C’est par lui que l’affaire Neyret a éclaté, quand après avoir fait fortune dans des escroqueries à la TVA, dont le carrousel portant sur le carbone, il s’est investi dans le trafic international de cocaïne. En novembre 2010, 110 kg de coke sont découverts dans l’appartement d’une princesse saoudienne à Neuilly-sur-Seine (Hauts-de-Seine).  Les policiers de la brigade de stupéfiants de Paris, qui l’ont mis sur écoute, le soupçonnent d’être le commanditaire de la drogue. Ils s’aperçoivent aussi qu’il entretient une relation incestueuse avec le numéro deux de la PJ de Lyon, Michel Neyret, lequel l’informe de son mandat d’arrêt international contre des cadeaux.

Yannick Dacheville, dit «Le Gros», est un proche de Stéphane Alzraa (lire ici) qui utilise certains de ses biens de luxe. Arrêté à Dubaï, il parvient à obtenir sa libération de prison et, selon nos informations, envoie un SMS à son ex-femme, Célia G., directrice-adjointe d’un hôtel de luxe, afin de la rassurer. Depuis, il est introuvable et voyagerait entre le Panama, Dubaï et les Etats-Unis où il dispose de nombreux biens immobiliers. Aux dernières nouvelles, il aurait par ailleurs remonté une affaire de location de voitures de luxe à Dubaï.
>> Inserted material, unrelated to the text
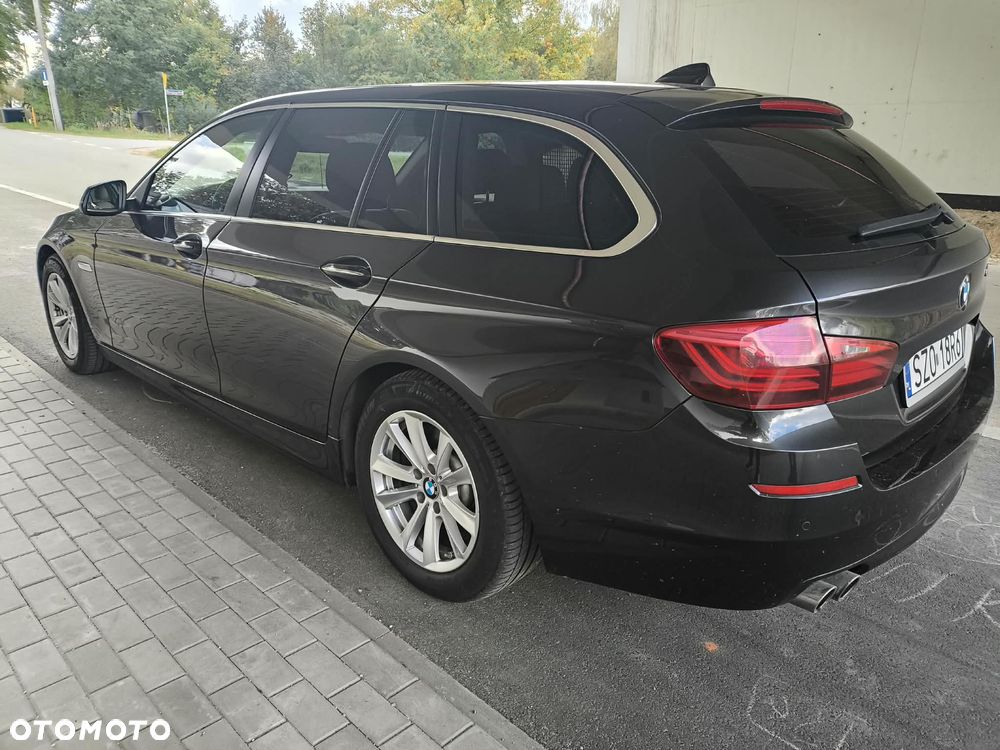 BMW 5 Series 2015 photo 5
 Extrait d'un rapport de police. W. M./20 Minutes

Michel Keslassy, «réfugié» en Israël, doit 65,5 millions d’euros à l’Etat

Condamné en juin 2013 à trois ans et demi de prison et 65,5 millions d’euros de dommages et intérêts pour une affaire d’escroquerie à la TVA sur le marché du carbone, Michel Keslassy, 50 ans, s’est volatilisé à la fin de l’année 2013. En novembre dernier, la cour d’appel de Paris avait décidé de le placer sous bracelet électronique, pour des raisons de santé. Mais «au bout de quelques jours», le dispositif a «cessé de fonctionner». Un mandat d’arrêt a été délivré à son encontre.

Sa ligne de défense depuis le début de l’affaire a été de se présenter comme un homme de paille. Selon lui, il aurait été abusé par Samy Souied (lire ici), un des principaux instigateurs de la fraude, assassiné en 2010, Porte Maillot. Son procès en appel a eu lieu mi-février, en son absence. Selon des sources contactées par 20 Minutes, il est actuellement en Israël. «Il se dit menacé», rapporte un proche du dossier. A plusieurs reprises, depuis Israël, il a écrit aux juges et s'est fait connaître au consulat. «D'autres individus, du même degré d'implication, n'ont jamais été interpellés, ni inquiétés dans cette procédure. C'est très regrettable», commente son avocat, Philippe Ohayon. Michel Keslassy est dans l'attente de son jugement.